If the horse doesn’t move forward, kiss to him or use gentle body language to encourage him to move. If he backs up, let the rope slide enough that the pressure stays the same as he backs rather than having it intensify as it would if he were tied.

If the horse pulls hard or gets upset at any point, you can let go of the rope. You do not want to get into a fight with him. The horse won’t have gotten away with anything. It just tells you that you have more work to do before trying that exercise again.

Change sides, repositioning the horse on your left, and repeat the exercise. When the horse responds perfectly each time from a standstill, then you’re ready to incorporate the lesson one exercise with this one.

With you on his left, send the horse away to the right at a walk. After he’s gone several steps, pull the lariat. The horse will likely either stop or turn and walk toward the fence post. When he does, put slack in the lariat, walk up to him and pet him. Allow him to relax a moment before changing sides and repeating the exercise. Work up to being able to send him away at a trot, when you feel that he’ll respond correctly.

Just as with the ropes exercise, I carry this considerably farther than we can describe here, including startling the horse while I’m holding the lariat. But I’ll also have done a lot more groundwork than we can detail here. The bottom line is to do everything you can to condition your horse to respond to the pull of the rope so that he won’t pull back when he happens to get upset while he’s tied.

Ready to Tie
All of the work we’ve done up until now has had forgiveness in the line-if there was a problem, the line gave. When you tie your horse to a post, there’s no forgiveness. It’s the horse’s job to give. So you want to have thoroughly prepared him for this moment. If there’s any question in your mind whether he’ll pull back, don’t tie him.

When you’re ready to tie him, clip a lead line to the halter, just as you did the lariat. Tie the horse to the same post where you’ve been practicing, using a quick-release knot. Allow him about 2 to 3 feet of line. Pet him and step away from him, letting him relax. He may think that you’re going to send him out, as you did in the previous exercises. After he stands quietly a few minutes, untie him and lead him away. Repeat that, extending the time that he stands tied, and tying him in other safe spots.

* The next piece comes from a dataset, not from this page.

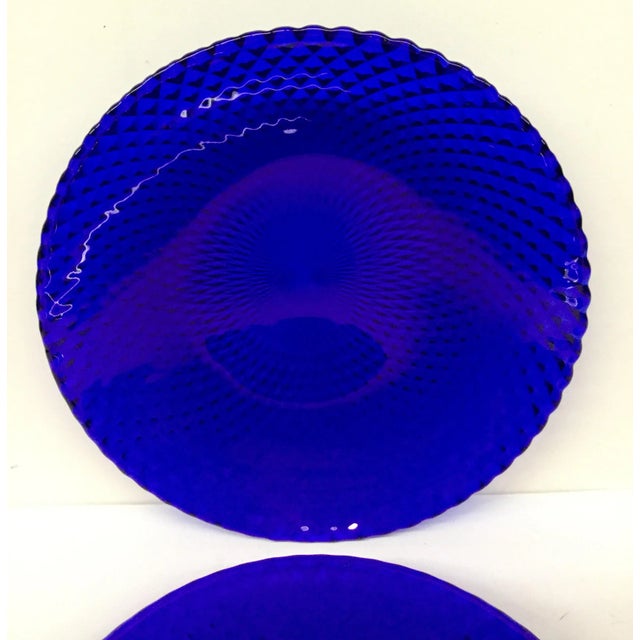 Mid-Century Modern Vintage Colbalt Diamond Back Plates - a Pair For Sale - Image 3 of 11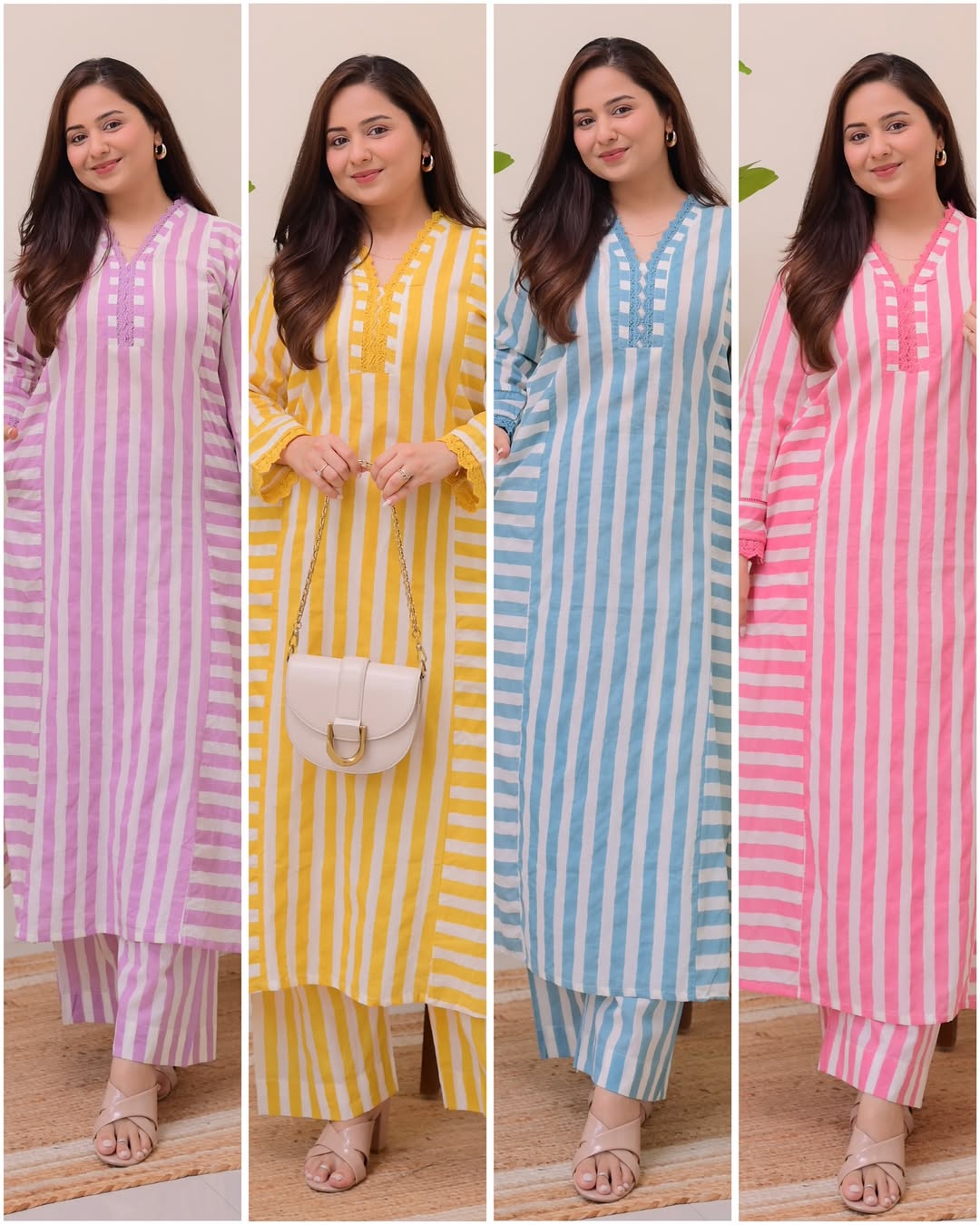 Striped Rayon Straight Kurta Palazzo Set for Women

If at any point the horse pulls back, release the line and return to previous lessons. Be sure not to tie him-especially in a trailer-until you’re sure that he’ll be solid in his response. If your horse has had a pull-back problem, you may have to repeat the lessons many times. Take advantage of a few minutes here and there to give him a mini give-to-pressure refresher. Try to make it fun, congratulating him when he gives. Before long, you’ll forget that he ever had a problem, and you’ll be proud of how well he stands, and the good job you did training him.